▶ STORED DATA:

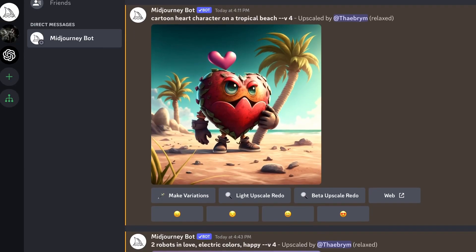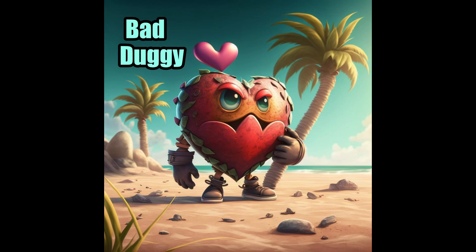And then I got a little lighthearted here — borrowed some inspiration from Bad Bunny for this one and created a cartoon heart character on a tropical beach. This is not just limited to folks who are doing indie rock. There's things for pop. This is limited only by your imagination.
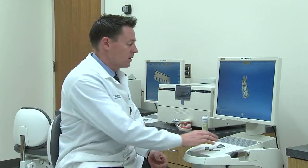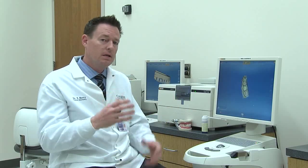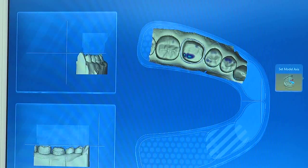And now we move on to the design phase. In this phase we'll take all those images and put them together into a 3D model. The computer is calculating and putting all those images together. It will create the lower arch, the upper arch, and the bite, and we'll take those images and stitch them together in just a moment.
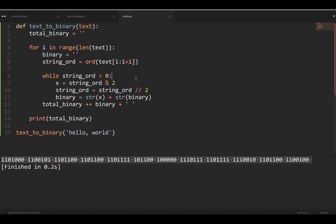Now I challenge you to take this code and try to make it convert binary to text instead of text to binary. The code is in the description and comments — you can paste your code for the challenge, ask any questions, or leave future video suggestions there.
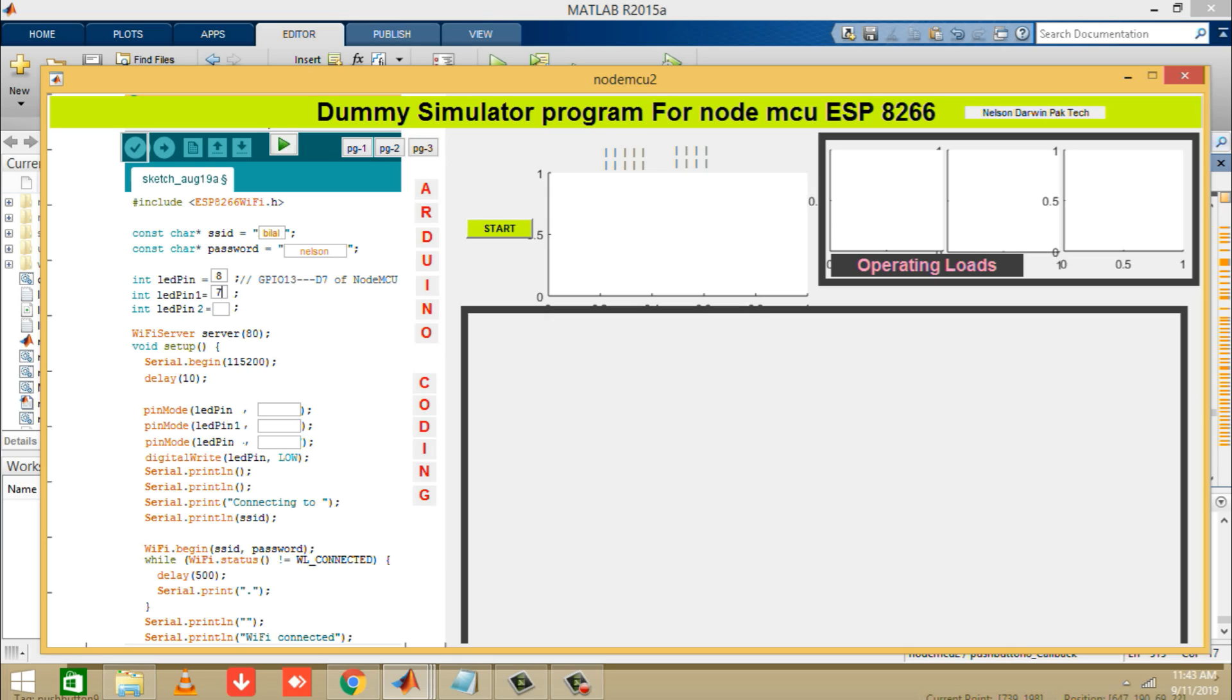After all these things, assign the name of the digital pins of the Arduino IDE. You can put any numbers like 8, 7, 6 etc in the text boxes in front of the LED pin, LED pin 1 and LED pin 2.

▶ TASK PROMPT:
Without the pictures, transcribe the listing exactly as it stands.

▶ EXPECTED OUTPUT:
And then I got a little lighthearted here — borrowed some inspiration from Bad Bunny for this one and created a cartoon heart character on a tropical beach. This is not just limited to folks who are doing indie rock. There's things for pop. This is limited only by your imagination.
And now we move on to the design phase. In this phase we'll take all those images and put them together into a 3D model. The computer is calculating and putting all those images together. It will create the lower arch, the upper arch, and the bite, and we'll take those images and stitch them together in just a moment.
Now I challenge you to take this code and try to make it convert binary to text instead of text to binary. The code is in the description and comments — you can paste your code for the challenge, ask any questions, or leave future video suggestions there.
After all these things, assign the name of the digital pins of the Arduino IDE. You can put any numbers like 8, 7, 6 etc in the text boxes in front of the LED pin, LED pin 1 and LED pin 2.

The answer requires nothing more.